Figure 25. Constructed micropillar array model and corresponding computational meshes. (a) Design of the pillar-arrayed hydrodynamic metamaterial steering structure with the magnified view showing its detailed configuration. (b) Unstructured mesh on the middle section of a square-cross-section curved pipeline and corresponding magnified view.

Table 5. Multilayered components $\overline{\overline {{T^{\prime}_u}}}$ and $\overline{\overline {{T^{\prime}_v}}}$ scaled up by a factor of 2.1 and corresponding micropillar dimensions for each compartmentalized layer.

In this section, the characteristic dimension of the pipelines with square cross-sections is L = 0.005 m. A constant water viscosity (μ = 0.001 Pa s) and density (ρ = 1000 kg m⁻³) are set. We still set the pressure difference between the inlet and outlet of all pipelines to be 10 Pa. Non-slip boundary conditions were applied to all surfaces of the microstructures, including the cylinder and micropillars. When the hydrodynamic metamaterial micropillars are inserted into the pipeline, the Reynolds number of this pressure-driven flow is approximately $Re = \rho \boldsymbol{V}L/\mu = 100$. Figure 26(a,d) show the simulation results of the pressure field for the hydrodynamic metamaterial steering structure. As shown in figure 26(a), the pressure field in the bent pipeline varies smoothly, although the pipeline has a 180° bending angle. Figure 26(d) shows that the pressure contours in the bent pipeline remain straight. These findings validate the effectiveness of the hydrodynamic metamaterial steering structure.

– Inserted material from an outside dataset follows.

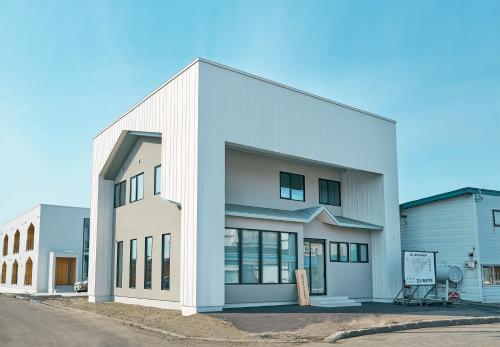 a white building with a sign in front of it at NEW HUMBER in Yubetsu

Figure 26. Simulated pressure field for the hydrodynamic metamaterial steering structure. (a) Simulated pressure field for the pillar-arrayed hydrodynamic metamaterial steering structure and three magnified views of the bending elbow. Distribution of the pressure field in the square-cross-section pipelines (b) before and (c) after application of the hydrodynamic metamaterial steering theory. (d) Simulated pressure contours (the pink lines) for the pillar-arrayed hydrodynamic metamaterial steering structure.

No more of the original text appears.